-- WHAT IS NEEDED --
Once you reach the line with "레푸스 삼성점 강남네일인디고 내성발톱 발톱무좀 발굳은살", transcribe it and every line after it to the end of the records, exactly, but not the pictures.

Dataset records:
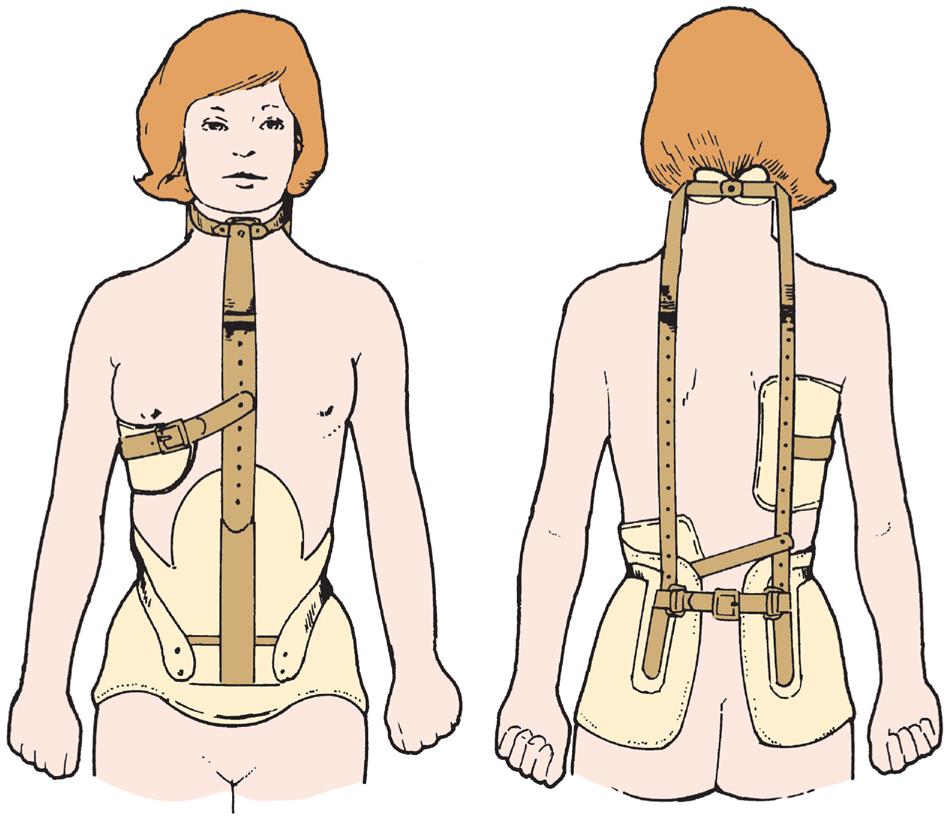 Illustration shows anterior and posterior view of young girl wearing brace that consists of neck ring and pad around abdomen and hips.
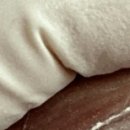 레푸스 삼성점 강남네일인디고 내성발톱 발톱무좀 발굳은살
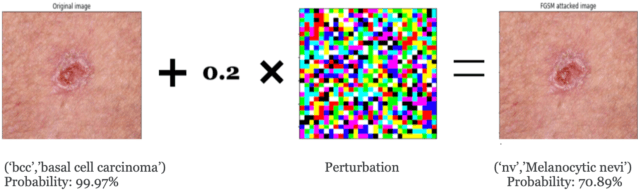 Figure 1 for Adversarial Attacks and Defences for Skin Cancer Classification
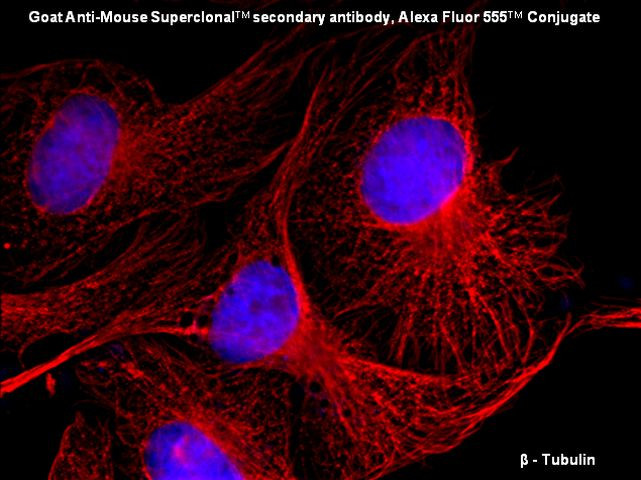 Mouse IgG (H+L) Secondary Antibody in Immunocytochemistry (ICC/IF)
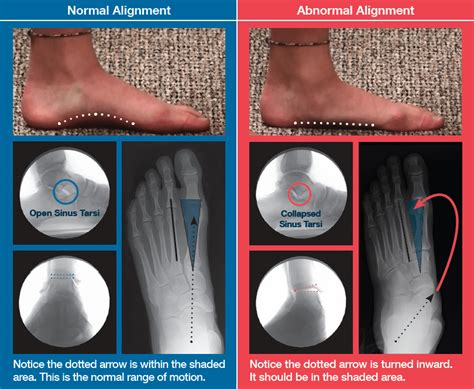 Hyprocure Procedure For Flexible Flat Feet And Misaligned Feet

-- ANSWER SPACE --
 레푸스 삼성점 강남네일인디고 내성발톱 발톱무좀 발굳은살
 Figure 1 for Adversarial Attacks and Defences for Skin Cancer Classification
 Mouse IgG (H+L) Secondary Antibody in Immunocytochemistry (ICC/IF)
 Hyprocure Procedure For Flexible Flat Feet And Misaligned Feet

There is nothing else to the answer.